This Friday the Attorneys General of all our states and territories will decide whether to create an R18+ category for computer and video games.

We’re often told it is indisputable that a child watching the very occasional 30-second McDonalds’ advertisement will have their eating habits irrevocably changed. They are headed for a life of junk food. The games industry has of course lobbied hard, but if the attorneys decide in favour of R18+ games they will owe Ronald McDonald a huge apology.
Because amazingly the attorneys might decide this week that hours and hours of playing computer games with highly simulated and even interactive violence and sex won’t affect children in any way.
Perhaps in a month where integrity in public office has been battered by everything from back flips to scandal we shouldn’t be surprised. But we certainly shouldn’t accept truth’s further demise in the public space.
Just as illustrative of the gaping credibility in the argument for an R18+ category of games is the fact that the original decision not to allow games above MA15+ was made on the basis of 1995 levels of technology.
I seem to remember that my car still didn’t tell me I was about to hit something in 1995. Certainly games simulation and levels of interactivity were in their infancy, but the attorneys even then decided that these inherent characteristics in games made them potentially more harmful to children than movies.

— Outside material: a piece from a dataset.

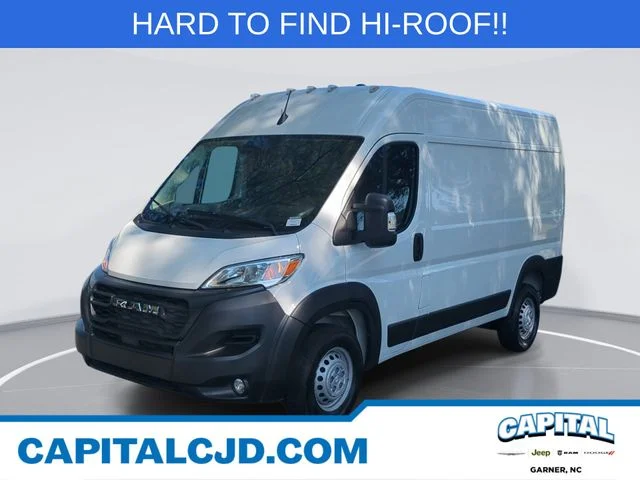 Used 2025 White Ram High Roof image 1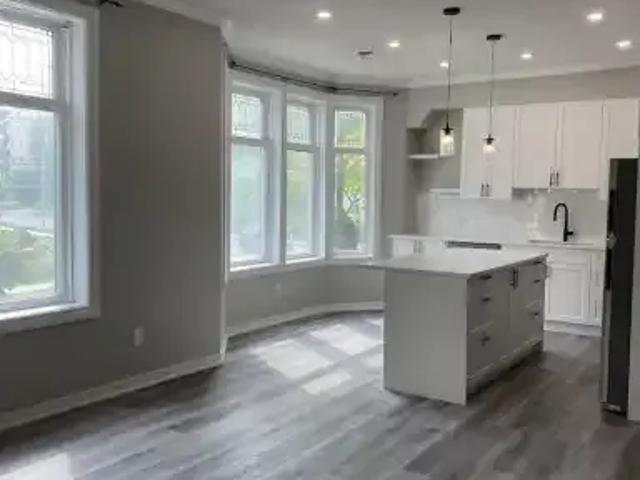 House 2 Bedroom For Rent London ON 2095 ES104506802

Surely any degree of honest assessment says they must be even more so now.
Importantly the decision also acknowledged that violent or sexualised themes in movies are generally relatively momentary in a two-hour film, but that violent and sexualised games contained little else, thus again greatly magnifying the effect.

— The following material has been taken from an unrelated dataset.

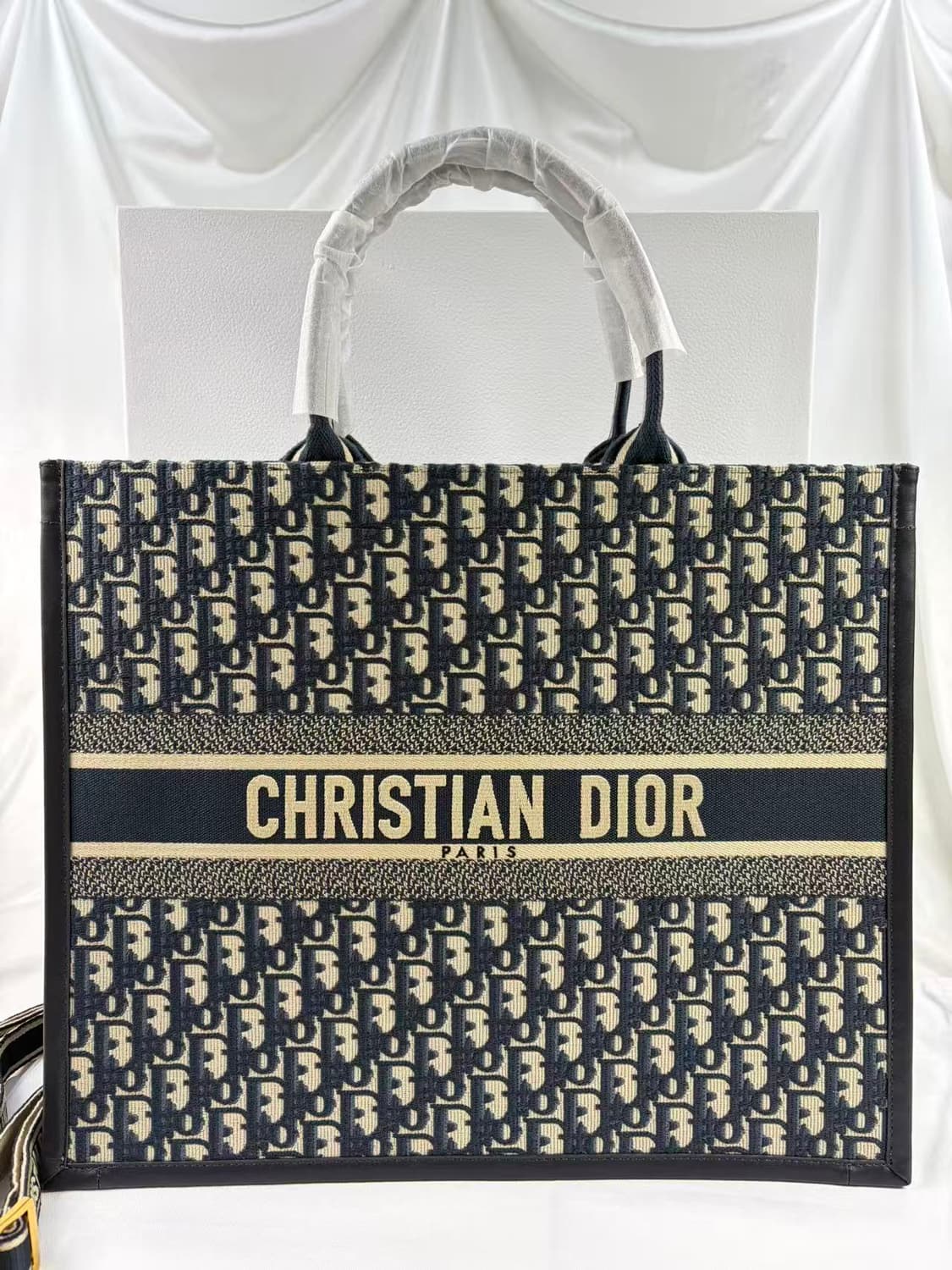 디올 오블리크 북 토트 레더 라지 백 상품이미지1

What has also changed and will change ever more rapidly in the future, is the pervasive means of distributing the games. This, the gamers claim, makes classification futile and an R18+ classification necessary, so that parents are better informed about the suitability of games.
This seemingly persuasive argument also hardly stands critical examination. It makes you wonder whether the techno-heads that inhabit the games industry missed too many primary school English classes on the way there.

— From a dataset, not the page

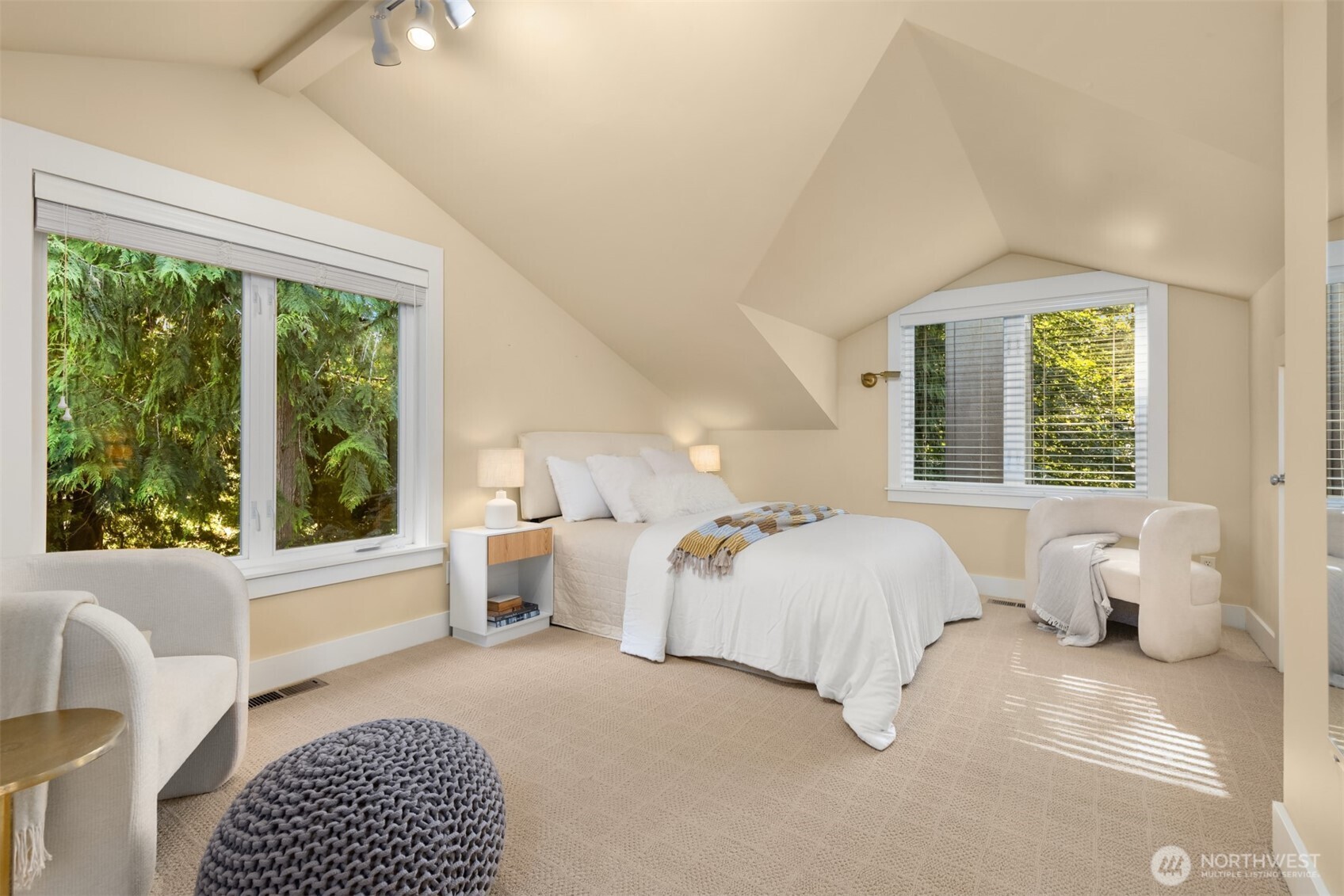6575 NE Honeysuckle Lane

What part of the plain English statement “refused classification” is more difficult for a parent to understand that R18+?
R18+ is a term that 95% of parents will not fully know the definition of and one that has been continually compromised in DVDs and movies anyway. For instance the R18+ classification is not supposed by definition to contain real live sex, but increasingly it has been allowed in on the doubtful pretext of having “artistic merit” in the context of the plot.
As this is the case, what will a parent be able to take more confidence in, a statement of “Refused Classification” or R18+?
With more McDonalds’ – type – logic, the gamers also argue that parents will be able to better control access to games by minors if there is an R18+ classification. Almost every parent’s experience shows this to be nonsense.
A school chaplain recently told me that he had a Year 1 student joyfully relating his experiences of playing Grand Theft Auto III. This is a game with a MA15+ rating which begs refused classification for its simulated sex and violence – and the classification procedures definitely need to be tightened up. But what will your Year 1 child be playing if we allow R18+ standards?
It has been long accepted that it takes a village to raise a child. This week our Attorneys General will decide to either abide by that principle or to cast our children out to the jungle where the interests of the games industry and internet civil libertarians will rule.
The case is clear – decide for the village or apologise to Ronald McDonald.